De longe, parece uma obra como qualquer outra. Máquinas de perfuração, guindastes e betoneiras fazem barulho e algo em torno de 1.500 operários trabalham dia e noite perto da cidade de Netivot, no sul de Israel.

Mas o canteiro de obras, a 13 km da Faixa de Gaza, é, na verdade, uma área militar.

Lá estão sendo montados os primeiros trechos da barreira subterrânea "inteligente" com a qual Israel espera acabar com a infiltração de militantes do grupo islâmico palestino Hamas por túneis que começam em Gaza.

Por esses túneis, que atravessam a fronteira, o Hamas já conseguiu realizar ataques terroristas dentro de Israel.

O investimento é estimado em US$ 1,1 bilhão (R$ 3,5 bilhões). As autoridades fazem segredo quanto à profundidade e tecnologia utilizada. Também não se sabe se a barreira será construída ao longo de todos os 65 km da fronteira. Sabe-se apenas que estará pronta em dois anos, segundo o general Eyal Zamir, líder do Comando Sul do Exército israelense.

Jack Guez - 25.jul.2014/AFP
Soldado de Israel faz guarda de túnel do Hamas para a faixa de Gaza durante o conflito armado de 2014
Soldado de Israel faz guarda de túnel do Hamas para a faixa de Gaza durante o conflito armado de 2014

Zamir também sugeriu que pode haver tensão por causa da obra: "Se o Hamas decidir ir à guerra com Israel por causa da barreira, será uma guerra justificada para Israel. Mas a barreira será construída".

A imprensa local especula que o projeto prevê a perfuração de dezenas de metros abaixo do solo.
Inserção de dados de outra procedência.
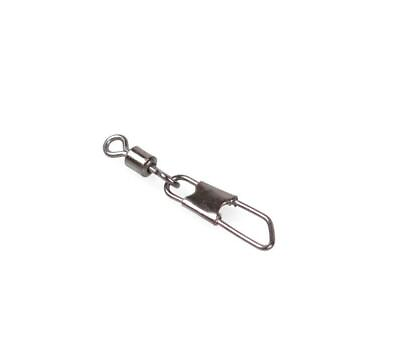 #ad 50 Rolling Swivel Safety Snap Clip Link #6 15Lb Freshwater Fishing Black $4.49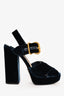 Prada Navy Velvet Crisscross Platform Heels Size 38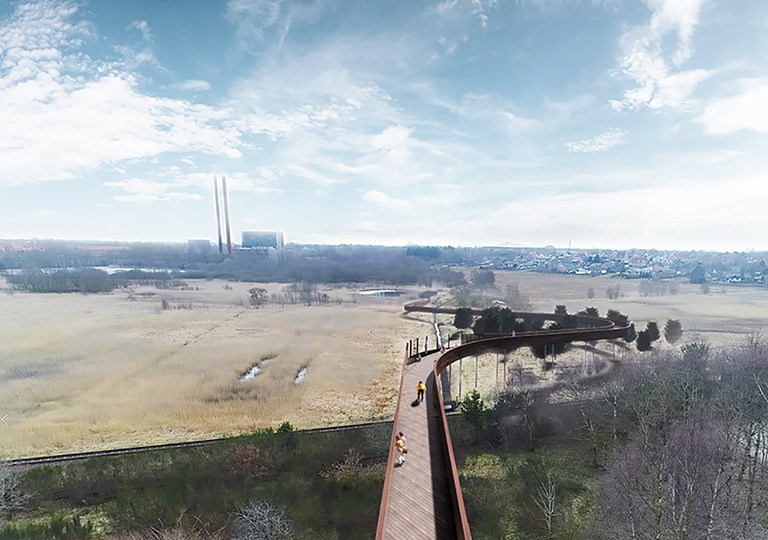 Visualisering af broen, der vil hæve sig over moseområdet og give adgang mellem byområder og til naturen. Arkitektfirmaet Labland står bag visualiseringen. 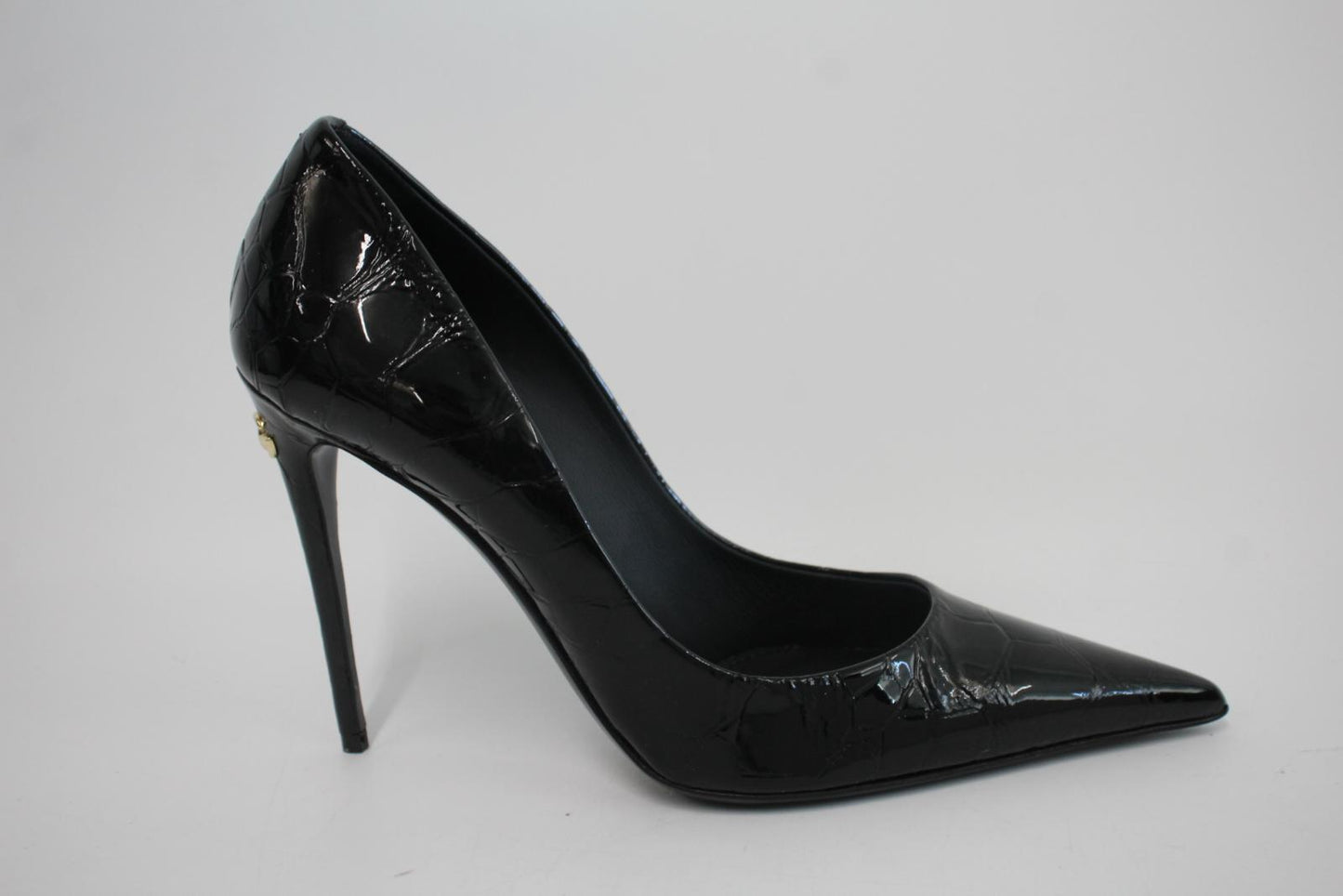 DOLCE & GABBANA Ladies Black Croc Print Patent Leather Pumps Shoes EU38 UK5 NEW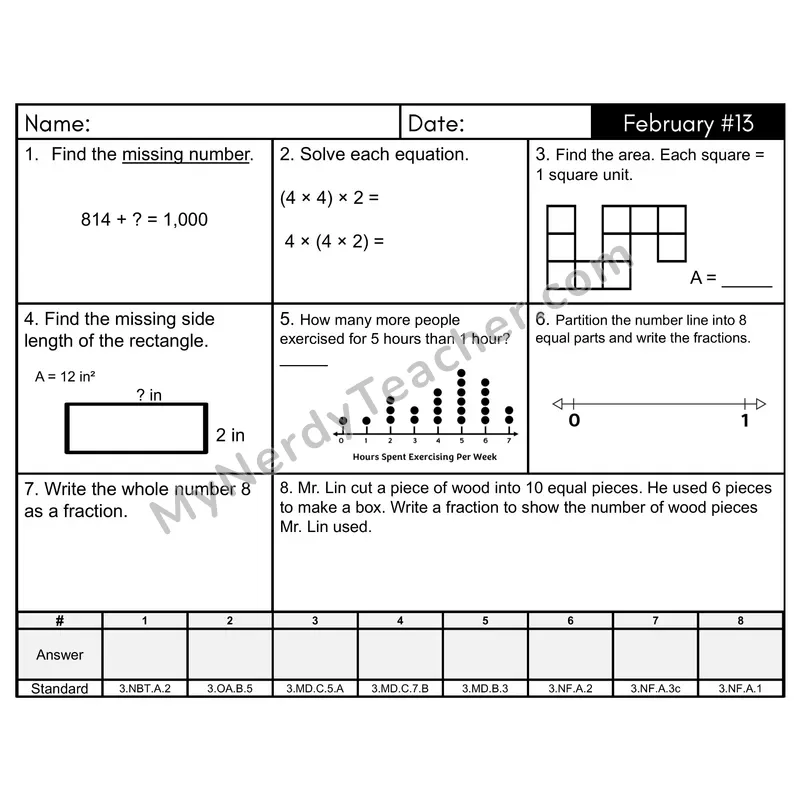 3rd Grade Spiral Morning Work Editable PowerPoint — February Day 13: Fractions, Area
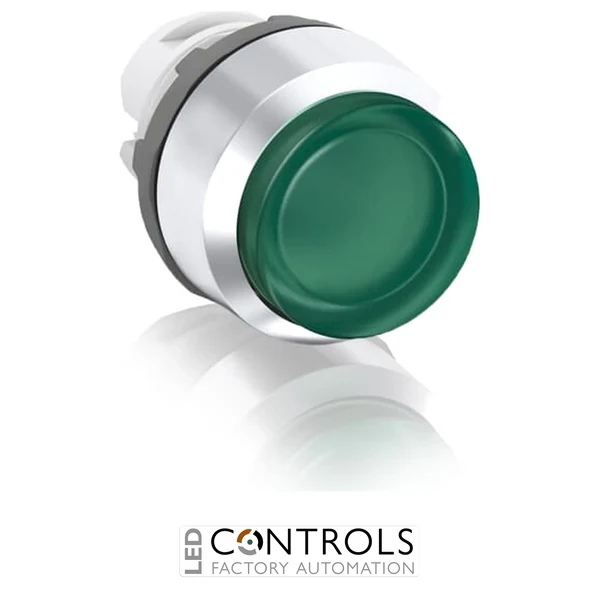 abb maintained green illuminated extended push button 22mm mp4-21g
A barreira de concreto contará com tecnologia de ponta para detectar atividade subterrânea.

O projeto pressupõe também um muro de seis metros de altura acima da terra ao longo da fronteira com Gaza, onde já há, desde 1996, uma cerca. Entre esta cerca e o novo muro, uma estrada militar será construída como uma espécie de buffer zone.

A barreira começou a ser idealizada há três anos, depois do mais recente conflito entre Israel e o Hamas (em julho e agosto de 2014), quando cerca de 4.500 foguetes e morteiros foram lançados por palestinos de Gaza contra Israel. Setenta e três israelenses morreram. Em contrapartida, Israel atacou 5.200 alvos em Gaza. Cerca de 2.100 palestinos morreram.
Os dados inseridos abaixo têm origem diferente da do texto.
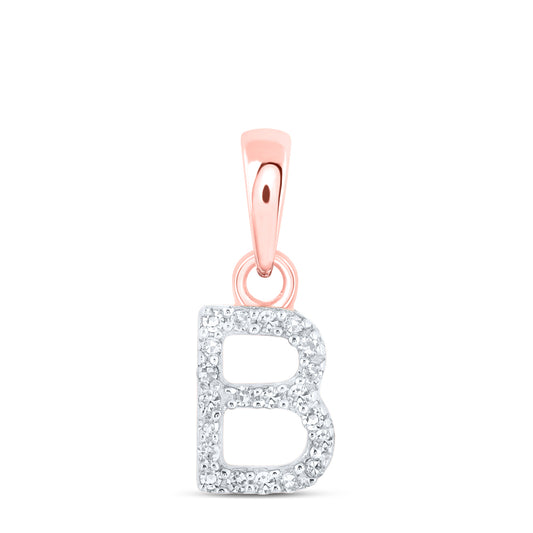 0.04 Ctw Natural Diamond Block Initial Letter B Pendant in 10k Rose Gold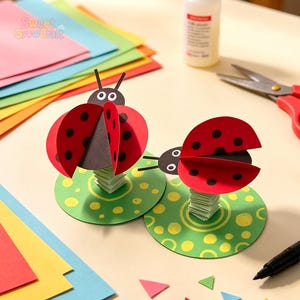 May include: Two paper ladybug crafts featuring red wings with black spots, black heads with white eyes, and antennae. Each ladybug is mounted on a green circular base with yellow dots using a folded paper spring. Craft supplies are visible nearby.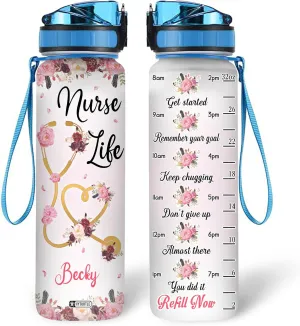 Hyturtle Personalized Nurse Life Water Bottle - 32oz Motivational Water Bottle with Leak-Proof Lid Time Marker - Custom Name Gift for Women, Nursing Students, Nurse Coworkers On Birthday Nurse's Day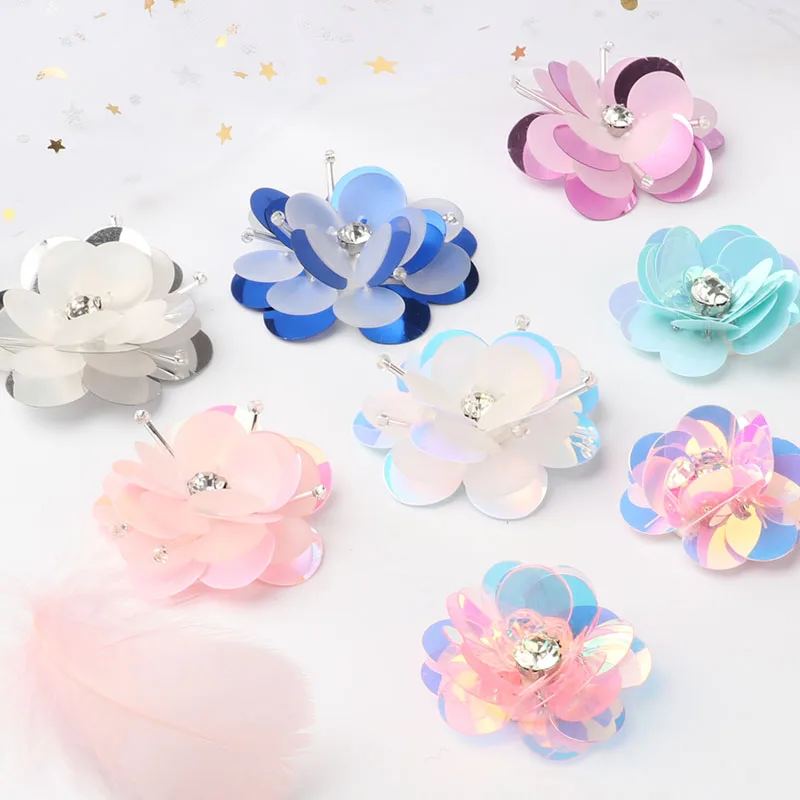 High Quality 3D Handmade Sequins Beads Flower Applique Patches For Hair Clip Bags Brooch Dress Embroidery DIY Sewing Accessories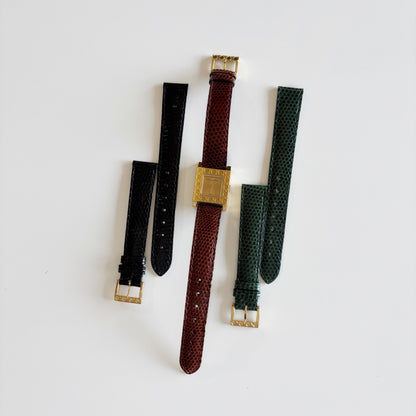 Dior 1990s La Parisienne Interchangeable Strap Gold Plated Watch with 3 straps, case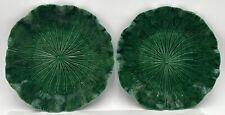 Metlox Poppytrail Green Lotus Leaf Cabbage Plates Pair Majolica Vintage 10 1/2 picture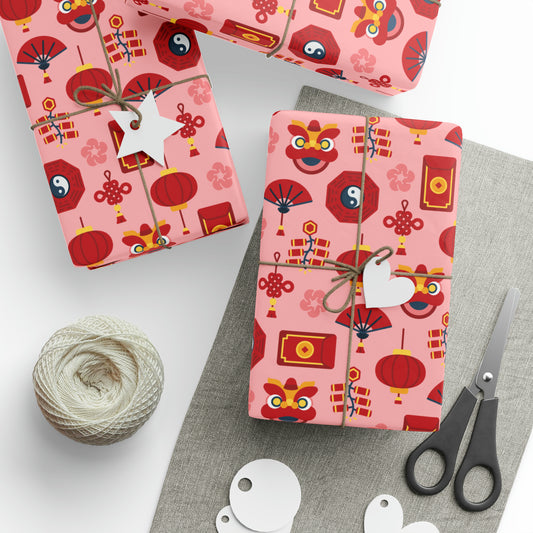 Lunar New Year Of The Dragon Spring Festival Holiday Gift Wrap Paper - Glossy Or Matte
Um dos momentos mais traumáticos aconteceu quando militantes do Hamas emergiram de um túnel no território israelense e mataram cinco soldados. Houve outros três ataques, com mais quatro militares mortos.
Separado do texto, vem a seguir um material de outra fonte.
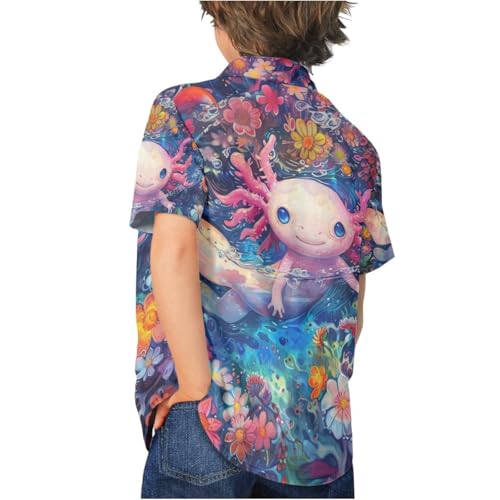Image of PinUp Angel Funky Casual Hawaiian Shirt Kids Boys Girls Art Oil Painting Animal Pattern Short Sleeve Unisex Beach Shirt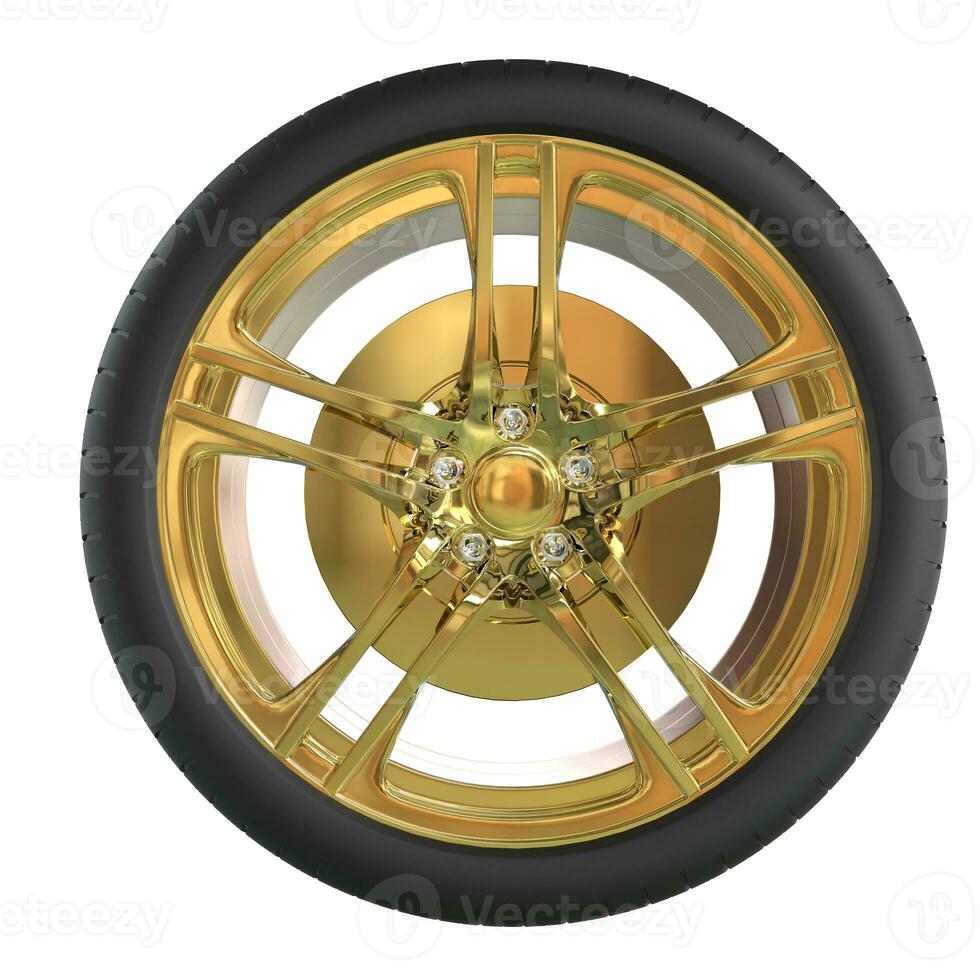 Racing tire with golden rim - front view photo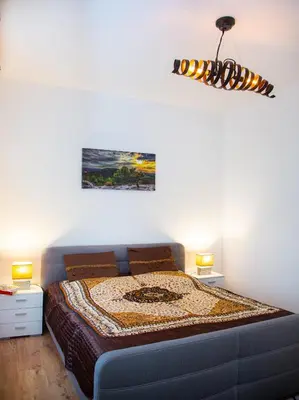 Ein Bett oder Betten in einem Zimmer der Unterkunft Apartments an der Lahn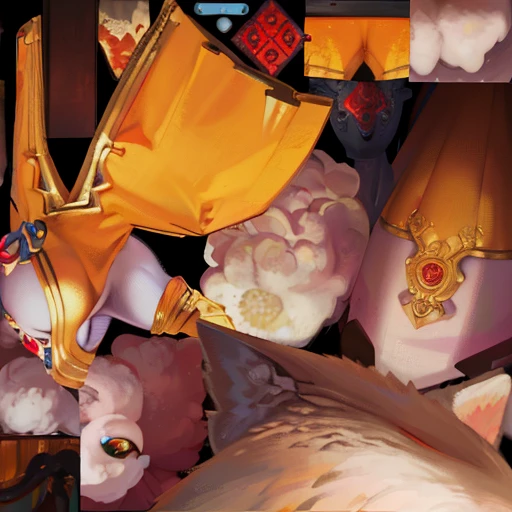 Fox fairy,detail-rich,Improve picture color contrast,CG style,With 3D rendering,Do not change the lines of the original image,Optimize textures,Ultra-high sharpness。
Ao fim do conflito, Israel conseguiu detectar e destruir 32 túneis. Mas é considerado certo que o Hamas, que controla Gaza há 10 anos, voltou a investir neles.

Os túneis estão na pauta dos israelenses desde 2004, quando duas bases do Exército na fronteira entre Gaza e Egito foram atacadas por explosivos postos debaixo da terra. Em 2006, militantes usaram túneis para sequestrar o soldado Guilad Shalit.

Editoria de Arte/Folhapress

ALTO CUSTO

O projeto é imenso. O Ministério da Defesa está emitindo editais aos poucos para distribuir o custo e tentar diminuir o preço. Mas muitas empresas do exterior não querem se envolver por causa da sensibilidade do projeto e a proximidade com Gaza.

Nem todos consideram o muro subterrâneo uma solução. O coronel da reserva Yossi Langotsky, ex-conselheiro do Exército, afirmou ao jornal "The Marker" que uma barreira como essa será efetiva apenas por tempo limitado. "Mesmo que a penetração em Israel não se torne simples, um inimigo sofisticado e determinado como o Hamas encontrará uma maneira."

Já o coronel da reserva Shaul Shay, do Centro Interdisciplinar de Herzelyia, acha que não há opção melhor no momento. "Vai evitar todas as infiltrações do Hamas em Israel? Não. É muito caro? Sim. Mas, se salvar a vida de apenas uma pessoa, já valeu."

Shay diz esperar que a barreira tenha o mesmo sucesso do Domo de Ferro —sistema de interceptação aérea desenvolvido por Israel e pelos EUA que destruiu 735 foguetes do Hamas no conflito de 2014.

Para quem mora perto da fronteira, a barreira tem grande significado psicológico diante do medo de atentados.

O Hamas critica a medida. "A ocupação não terá sucesso em levar segurança a seus residentes com a construção de um muro na fronteira de Gaza e em nenhum outro lugar em nossa terra", disse à CNN um dos líderes do grupo, Ismail Radwan.